Pero Jacques Cousteau vino a tomarle
el pulso a la tierra y al mar, al animal y al hombre, a la planta y al aire. El
pequeño detalle, el humo de la fábrica, el puro ausente en la indumentaria de
Fidel, la alegría del poblador cubano, la extraña fiesta aquella mitad
religiosa mitad pagana en la cual hacen
ronda a un árbol pidiéndole se cumpla algún deseo, en fin, el colegio de niños con clases de ruso o
inglés según la afición de cada quien…
Sin embargo, el sentirse popular y
ovacionado entre los adolescentes que sabían de él y de su barco “Calipso” es una cosa; otra, el diálogo tenso con Fidel Castro, el presidente de Cuba:
-¿Qué le hace creer que el camino que
Ud. ha elegido es el único capaz de llevar la felicidad a su pueblo?- preguntó el francés al cubano como quien le
lanza un arpón.
-Hemos superado la desnutrición, la
altísima mortalidad infantil y el analfabetismo. Pero yo soy el acusado. Pídale
al pueblo la respuesta- retrucó el Comandante.
El oceanógrafo francés, tras
reconocer lo cuidado del mar isleño, preguntó sobre especies en extinción.
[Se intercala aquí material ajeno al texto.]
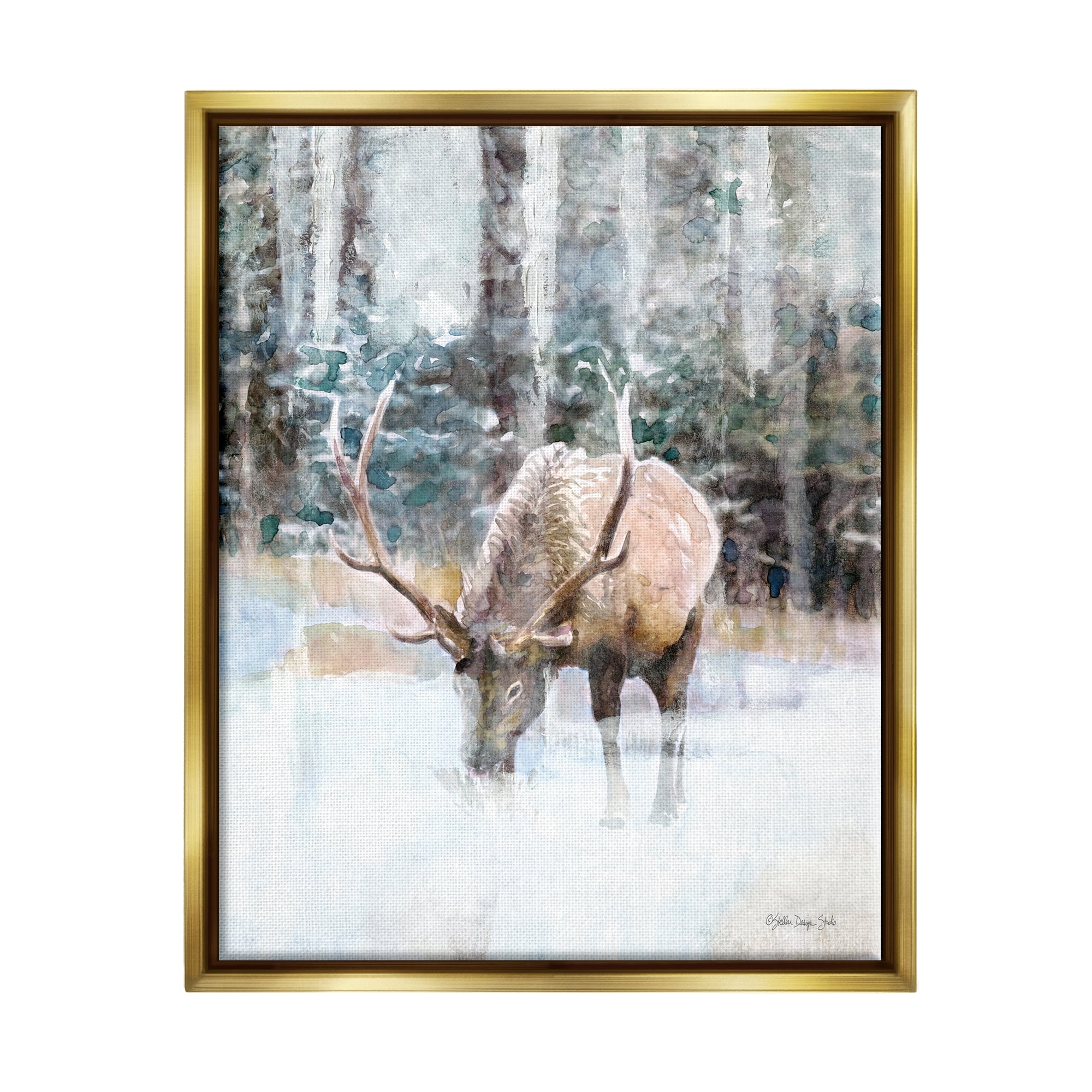 Stupell Industries Elk Abstract Woodland Nature Animals & Insects Painting Gold Floater Framed Art Print Wall Art, 17 x 21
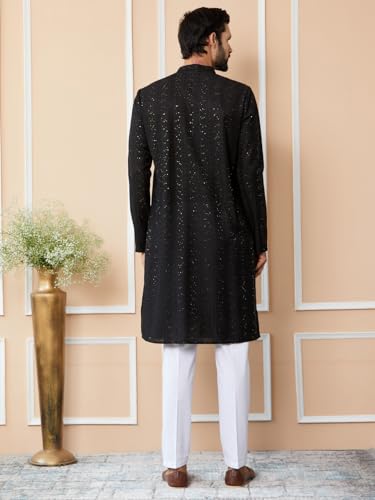 Image of See Designs Men's Long Sleeve Mandarin Collar Side Slit Embroidered Thread Work Sequinned Chanderi Silk Straight Kurta with Pyjama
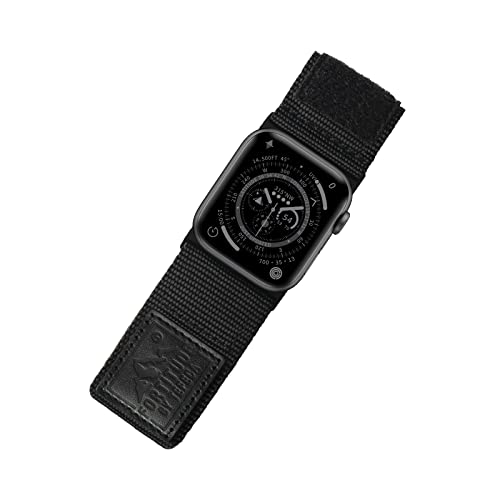 efeca Fortitude Series Armband für Apple watch/Apple Watch Ultra, Uhrarmband/Ersatzarmband Kompatibel mit Apple Watch (49/45/44/42mm S/M, Ultrabreites Nylon Schwarz) von Tefeca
-Encontramos dos - dijo Fidel
remontándose a 1954-: El manatí y el
cocodrilo. La revolución los protegió y
ahora el peligro ha pasado.
Cousteau preguntó entonces por el uso de la fuerza en defensa de la
ecología.-Más que la fuerza –contestó el
presidente cubano- la persuasión, la concientización. Esta tierra es de todos y
hay que cuidarla.
La base naval que mantiene Estados
Unidos en territorio cubano, de acuerdo a un antiguo tratado que la Revolución
desconoció, caldeó el diálogo aún más.
Dijo Castro que consideraba una humillación al pueblo de Cuba la
presencia militar norteamericana en
Guantánamo. “No puede ser una humillación –replicó el visitante- es más bien
una respuesta a la ayuda militar soviética”. Castro respondió con dolor y
vehemencia. El viejo Jacques, como haciendo un golpe de timón, comentó sobre la
estatuilla de una vaca lechera que pacía indiferente entre los papeles del
escritorio de Fidel. “Tenemos el record mundial –dijo el Comandante—.Valdría la
pena hacer una estatua más grande a esta vaca que alimenta a los niños y a los
viejos de Cuba”. El explorador sonrió. El líder socialista siguió con el ceño
fruncido.
No sé
porqué Jacques Cousteau tituló a esta parte de un larga serie de
exploraciones “Cuba, las aguas del destino”. Ignoro igualmente la circunstancia
que me llevó a la televisión a esa hora. Reparo, sin embargo, desde la soledad de mi escritorio, que está
muy cerca el aniversario de la Revolución Cubana, y que mis sueños, muchas veces, tuvieron por
destino no las aguas pero sí las calles de la Habana.